Di Indonesia pun trennya serupa. Data di tabel ini saya peroleh dari berbagai sumber. Angka dalam ribuan (kecuali tahun), dan sepertinya merupakan pembulatan. Sebab, angka persisnya sulit sekali diperoleh.
Judul Karya | Eksemplar Novel | Penonton Film | Tahun Rilis Film |
Ca Bau Kan | 30 | 150 | 2002 |
Eiffel I’m in Love | 70 | 4.000 | 2003 |
Jomblo | 50 | 610 | 2006 |
Cintapuccino | 200 | 350 | 2007 |
Ayat-ayat Cinta | 600 | 3.000 | 2008 |
Laskar Pelangi | 500 | (misteri) | 2008 |
Angka-angka itu merupakan prediksi dasar mengapa film Laskar Pelangi berhak meraih jutaan penonton.
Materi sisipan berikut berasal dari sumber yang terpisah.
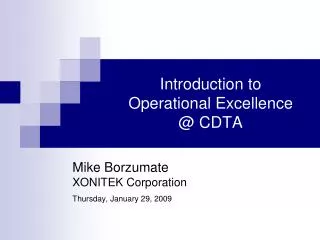 Introduction to Operational Excellence @ CDTA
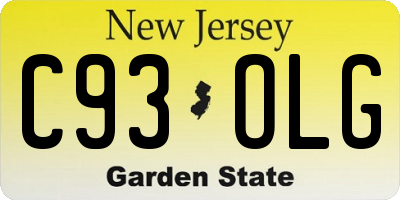 NJ license plate C93OLG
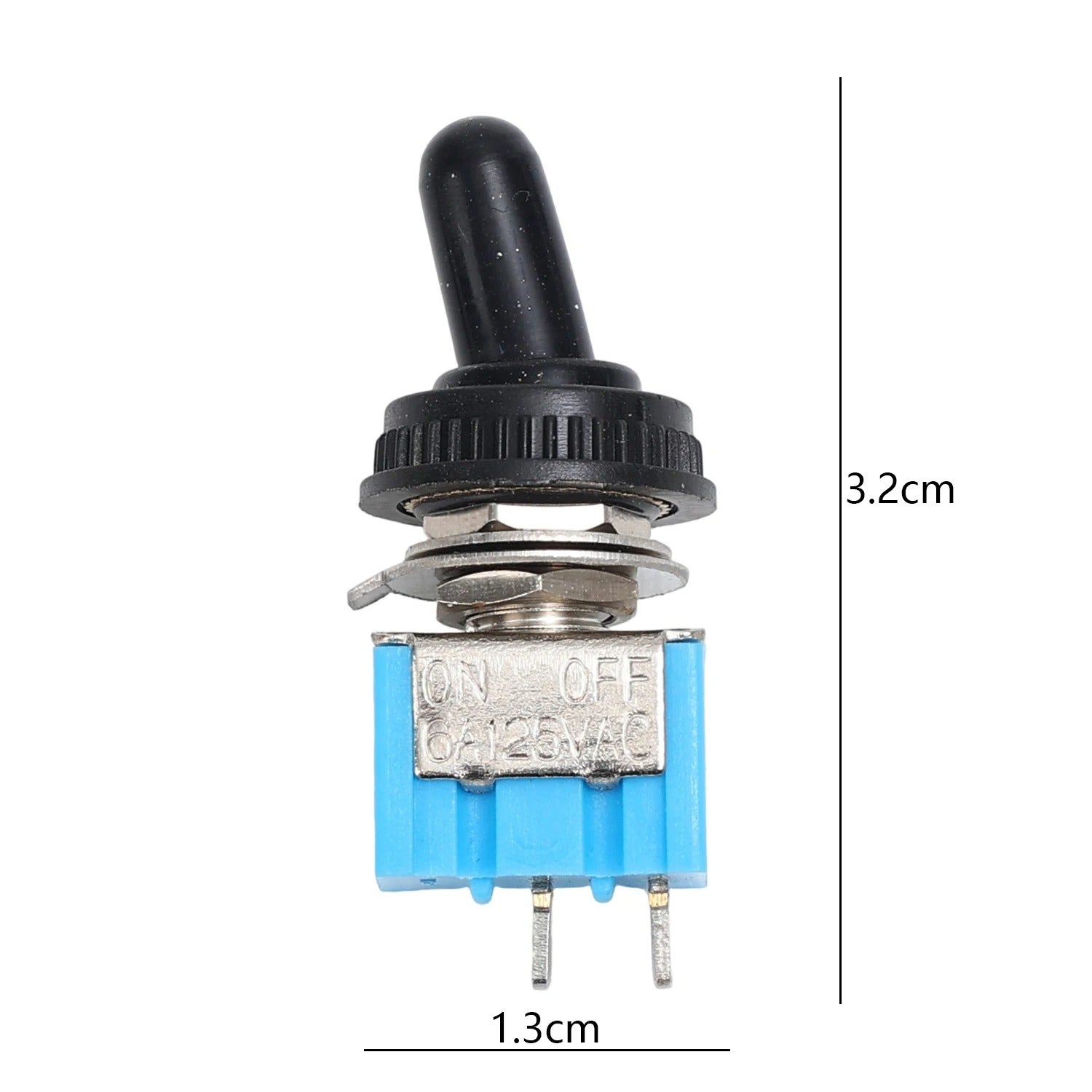 MT-S101 Mini Toggle Switch with Waterproof Cap – 2-Pin 2-Position Blue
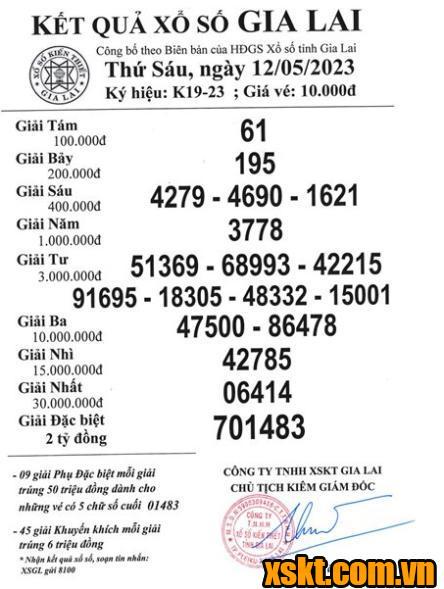 XSGL ngày 12/5/2023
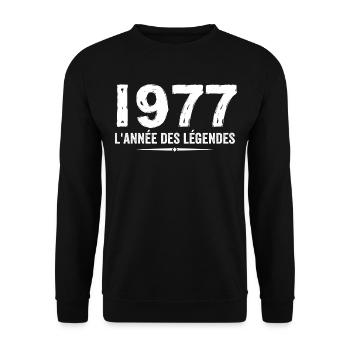 1977 année des legéndes - Cadeau Anniversaire 1977 - Sweat-shirt Unisexe - noir - Devant - Alina (178cm) & Michal (187cm)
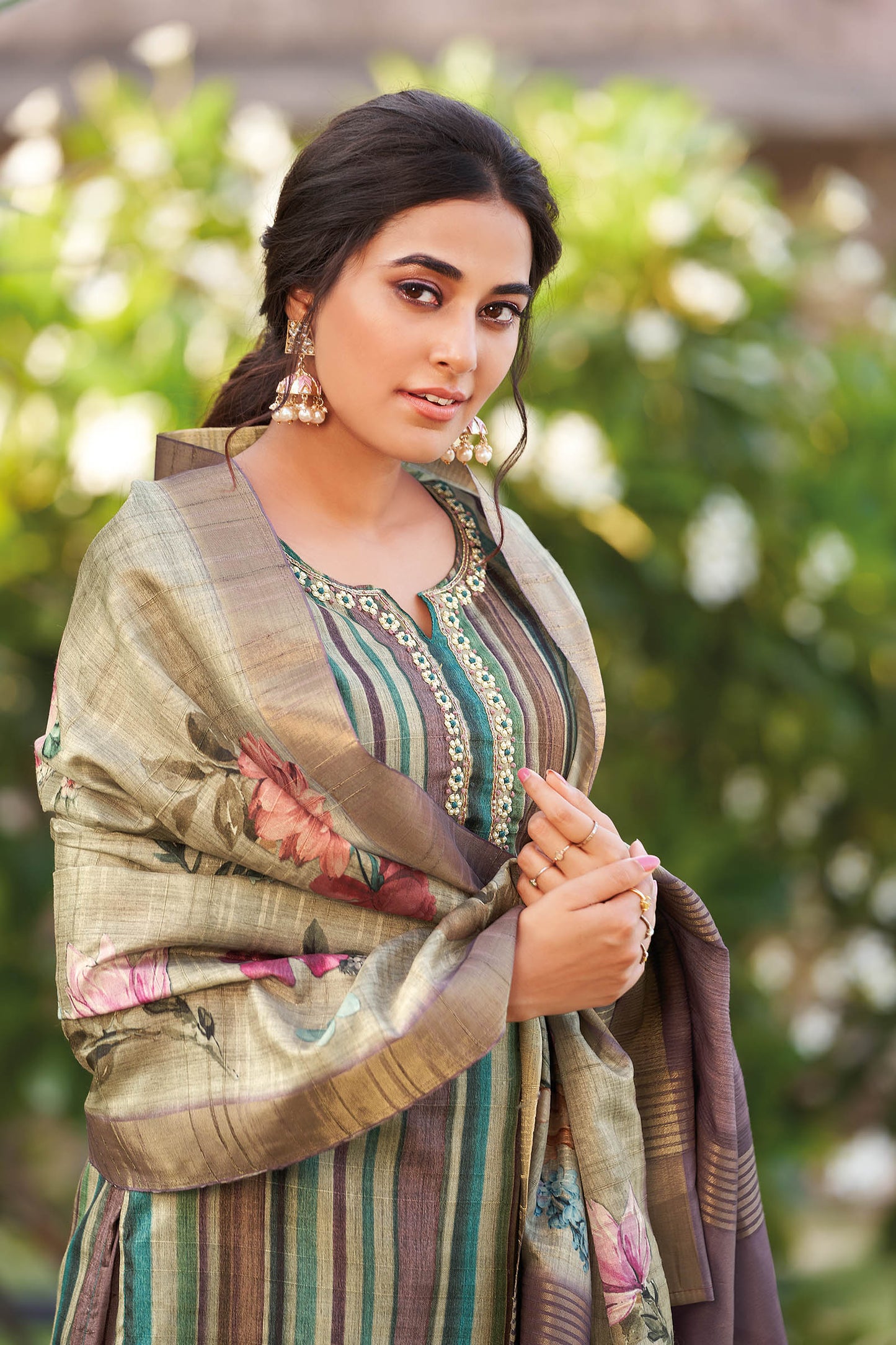 Multicolour Kotha Handloom Chudithar Dress Material Printed Dupatta Suit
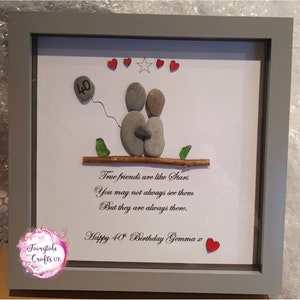 Friends pebble art, 40th, 50th birthday pebble art, personalised gift, personalised frame, birthday, pebble art, birthday gift, friend gift image 6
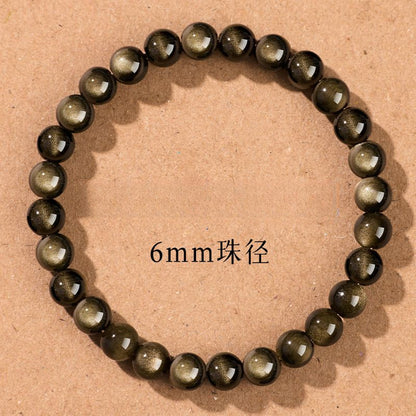 Black Gold Obsidian Transport Cat's Eye Stone Fortune Bracelet Fortune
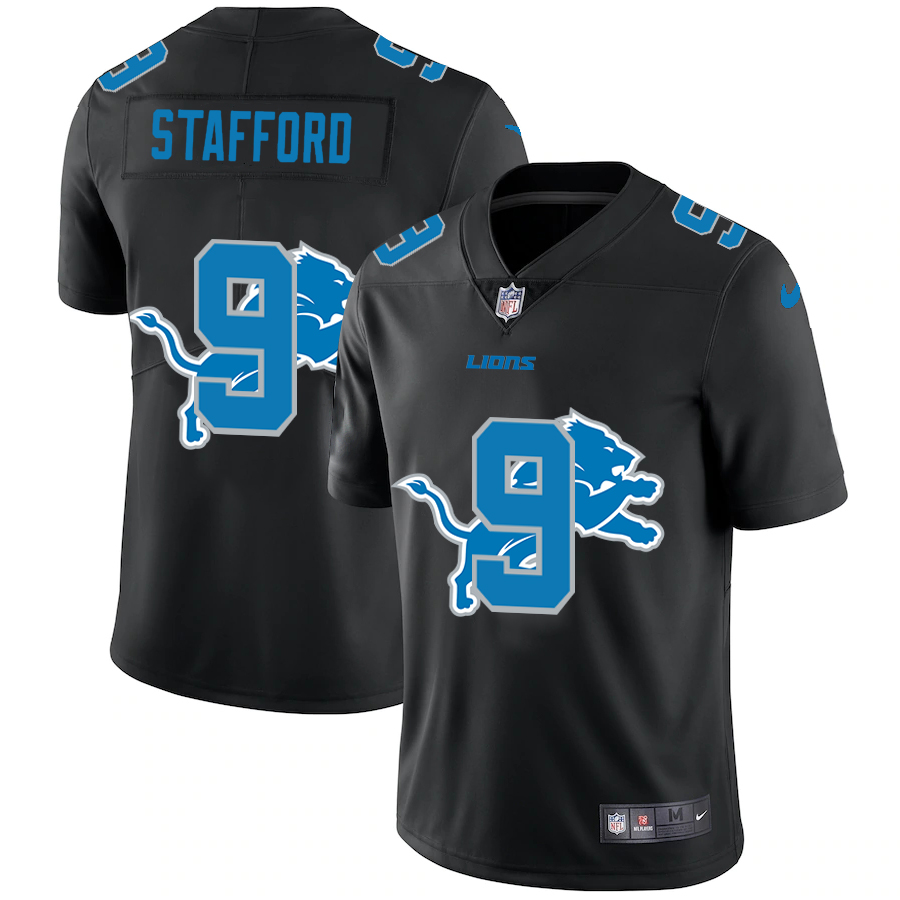 Detroit Lions #9 Matthew Stafford Men's Nike Team Logo Dual Overlap Limited NFL Jersey Black Detroit Lions #9 Matthew Stafford Men's Nike Team Logo Dual Overlap Limited NFL Jersey Black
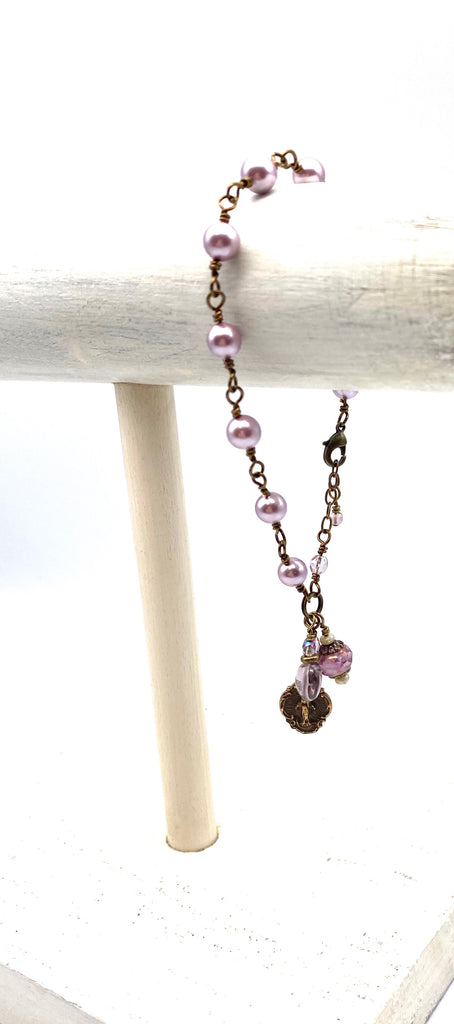 handcrafted vintage inspired lilac shell pearl wire wrapped catholic heirloom miraculous medal devotional bracelet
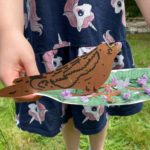 Photo of a small child holding up a Nightjar nest they've created on a paper plate.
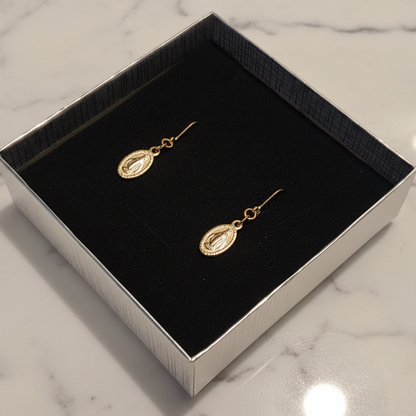 Miraculous Medal Earrings in Gold Stainless Steel with Gift Box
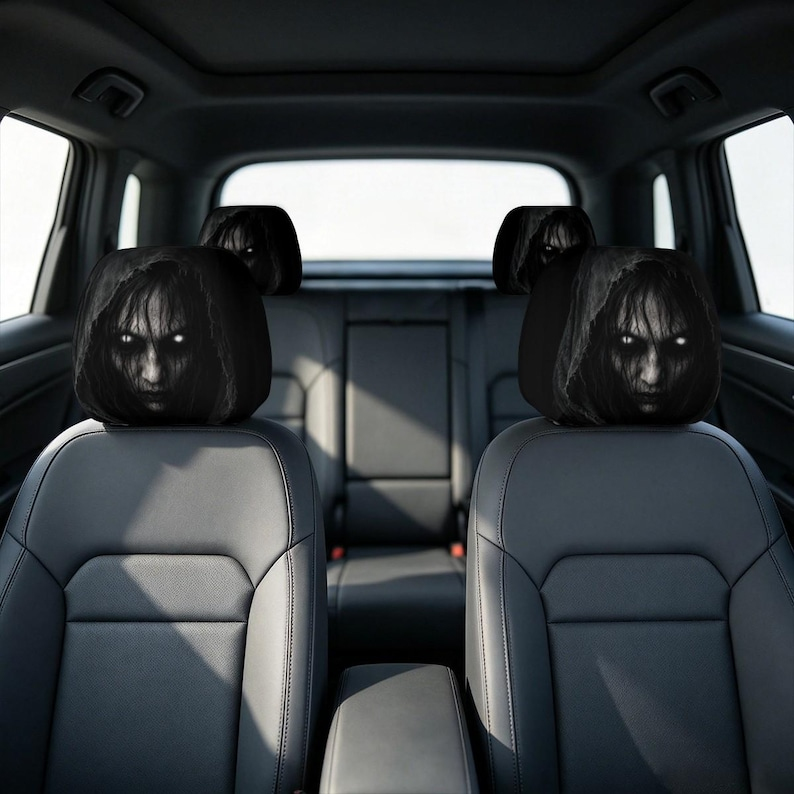 Creepy Horror Car Headrest Cover, Scary Ghost Face Seat Protector, Halloween Car Interior Decor, Gothic Auto Accessory, 1 Piece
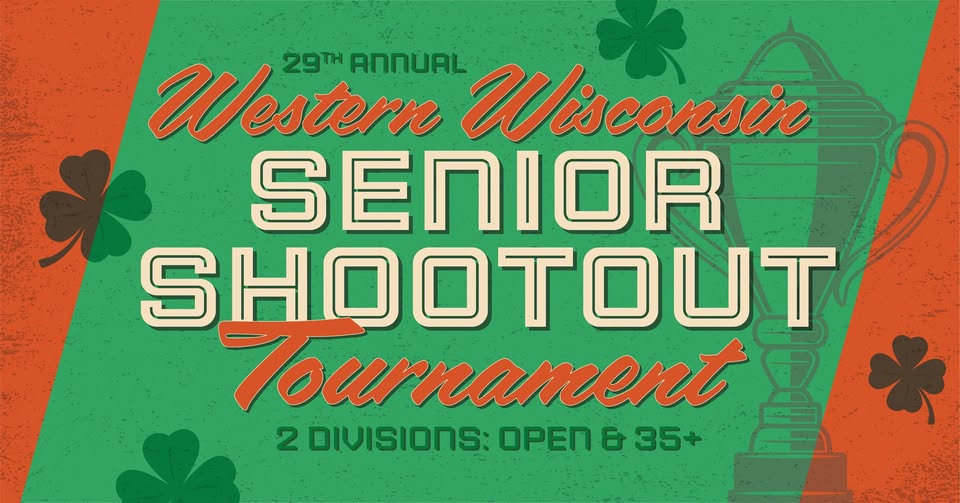 red and green flier for the senior shootout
Tapi bisakah mengalahkan perolehan film Ayat-ayat Cinta? Bukankah titik awalnya (penjualan novelnya) sudah kalah? Memang, tapi belum tentu filmnya kalah. Dari perbandingan penjualan novel dan film di atas, kita tahu persentase kenaikannya tidak sama antara satu karya dengan karya lainnya.
KEDUA: Novelis dan Sineas Saling Dukung
Tidak seperti Ayat-ayat Cinta yang “digandoli” kekurangpuasan novelisnya, film Laskar Pelangi ini merupakan sinergi antara sineas dan novelisnya. Ketika sinergi tercipta, mereka akan saling mempromosikan. Riri mempromosikan (menyanjung lewat media) novel Andrea. Dan Andrea pun mempromosikan film ini.
Pembaca novel biasanya suka protes setiap ada fenomena ekranisasi novel kesayangannya. Inti protes tersebut hampir selalu mengungkit-ungkit imajinasi (pribadinya) yang saat membaca ternyata tidak sama dengan visualisasi film.
Sejak kapan imajinasi setiap orang bisa disamakan? Sejak kapan novel bisa dibandingkan dengan film? Tidak tahukah dia betapa novel itu media tanpa batas (cuma masalah kertas) sementara film dibatasi durasi? Pura-pura lupakah dia kalau novel itu mementingkan kata-kata, sedangkan film justru tidak boleh banyak kata?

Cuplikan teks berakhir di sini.